I didn't, however, notice him making many arguments in favor of starting the war in the first place, and he rather glossed over the issue of how well it had been run and the military leaders' response to the administration's war policies. I wonder if he does have arguments regarding these points, and if so what they might be.
|Date:||November 7th, 2006 05:17 am (UTC)|| |
Heh--it also occurred to me that when discussing the issue of the nomenclature of the War on Terror, he neglected to mention another term that was bandied about for a while--the Global Struggle Against Extremism. Given the other positions of his that you mention, I can't help but suspect that discussions of extremism might have hit too close to home...
|Date:||November 7th, 2006 05:55 am (UTC)|| |
I hadn't heard the Global Struggle Against Extremism phrasing, but its true, a lot of Card's views are pretty out there. Sometimes it disturbs me that I like both Xenophile and Children of the Mind, as they're pretty much direct allegories to his mormon beliefs.
|Date:||November 7th, 2006 05:52 am (UTC)|| |
I wonder that too. The only allusion I could find in the article about the start of the war was:
No matter which miserable dictatorship we moved against after the Taliban -- and we had no choice but to keep moving on if we were to eradicate the grave danger we faced (and face) -- we would have faced the same problem in Syria or Iraq or Sudan that we had in Afghanistan: We had to establish order in a nation that had never actually become a nation
So, he uses the spectre of "bad guys", but glosses over the actual motivations.
As for the rest, surprisingly, I also agree with many of his points. In particular, I hadn't thought about the Taiwanese trade angle before (though one could argue that trade with China is peachy keen, and so trade under Chinese Taiwan wouldn't be seriously bad in the short term).
|Date:||November 7th, 2006 05:58 am (UTC)|| |
Orson Scott Card can kiss my shiny metal ass. And Ender's Game is not science fiction - it's the equivalent of Efremov's "Hour of the Bull" - namely, Cold War propaganda with spaceships in the background.
|Date:||November 7th, 2006 06:08 am (UTC)|| |
*SPOILER* for Ender's Game
I haven't read "Hour of the Bull", so I'm going to have to ask you what you meant:
Do you think Ender's Game was cold war propaganda in the sense of fighting a faceless enemy that turns out to have been harmless? As anti-war propaganda, this makes a bit of sense, but it doesn't seem to jive with Card's current wartime position.
In fact, and I'll add the caveat that its been years since I've read the book, I remember that the heroes of the war were used and then rejected by society. The analogy seems to be that fighting a faceless enemy, even in a popular war, is thankless.
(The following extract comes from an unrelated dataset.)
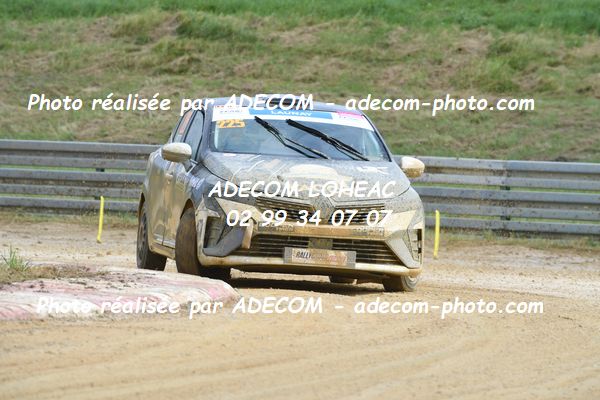 http://v2.adecom-photo.com/images//1.RALLYCROSS/2024/RALLYCROSS_CHATEAUROUX_2024/JUNIOR_FFSA_CLIO/LAUNAY_Chanel/02A_6511.JPG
I don't have to read past the first sentence to know the entire essay is built on an assumption that is patently false. Namely, that the war in Iraq is the War on Terror. The problems with this assumption are many, but the most obvious is that the War in Iraq has little to nothing to do with the "war on terror." And what little it has to do with it is of our own making.
The second falicy is the very phrase War on Terror. We shouldn't be at 'war' with terror. It's not a problem that can, or should be tackled as a war.
It's amazing to me how easily people forget that Iraq has nothing to do with terrorism or at least it didn't until we made a giant mess of the place.
Stupid html tags. I imagine there's an 'i' in there that's supposed to be a '\i'.
Yes. I almost posted the same thing but then got lazy, but that's what upsets me the most: when you have intelligent people that think that Iraq had anything to do with terror before we got there.
|Date:||November 7th, 2006 04:54 pm (UTC)|| |
Did you actually read his section on the nomenclature of the "War on Terror" ?
I'm certainly not arguing that it makes any sense to connect Iraq to terror in the general sense, but given that the war exists, he makes a decent case for not being able to call it the War on Iraq, War on Islamic Fundamentalism, etc..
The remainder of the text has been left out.